Researcher @emollick demonstrated Opus 4.8 building a complete RPG in Claude Code with zero human feedback. The model generated 3 PDF manuals, playtest notes, a website, and a playable solo adventure before deploying to Netlify.
Key facts
- Opus 4.8 built an RPG in Claude Code without human feedback.
- Output included 3 PDF manuals and a playable solo adventure.
- The model deployed the project to Netlify autonomously.
- Demonstration by researcher @emollick.
- Claude Code launched in early 2026 by Anthropic.
Anthropic's Opus 4.8, accessed through Claude Code, autonomously built and play-tested a new tabletop RPG, according to a demonstration by researcher Ethan Mollick (@emollick). The model produced 3 PDF manuals, playtest notes, a functional website, and a solo adventure, then deployed the entire project to Netlify. Mollick reported giving no feedback during the process [@emollick].
What Claude Code Enabled

The demonstration shows Claude Code handling a multi-step creative workflow: designing game mechanics, writing narrative content, formatting PDFs, coding a website, and managing deployment. Unlike typical AI coding tools that require iterative prompting, Opus 4.8 executed the entire pipeline without human intervention. The result includes a playable solo adventure hosted on Netlify.
One Unique Take
While prior models could generate code or text, Opus 4.8's ability to self-verify through play-testing and then deploy a production-ready artifact marks a shift from assistant to autonomous agent. The zero-feedback constraint is key — previous demonstrations of AI game development required human guidance at each step. This suggests Claude Code is approaching the reliability needed for unsupervised project completion.

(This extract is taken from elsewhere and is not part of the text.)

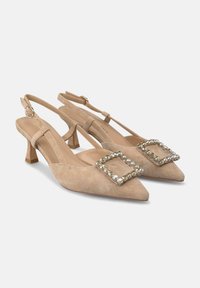 Tacchi slingback in suede beige con punta affusolata, piccoli tacchi a blocco e fibbie quadrate decorate con gemme trasparenti.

Implications for AI Agent Workflows

The demonstration aligns with Anthropic's focus on agentic capabilities in Claude Code, which was launched in early 2026. The ability to autonomously produce a multi-file, multi-format project with deployment suggests progress toward self-directed AI agents. However, the single demonstration does not guarantee consistent performance across diverse tasks. The model's failure modes remain undocumented.
What to watch
Watch for Anthropic to release benchmarks on Claude Code's success rate on multi-step agentic tasks, and whether Opus 4.8 can replicate this performance on game development with different genres or constraints. Also monitor user reports of failure cases — the zero-feedback claim will be tested by replication attempts.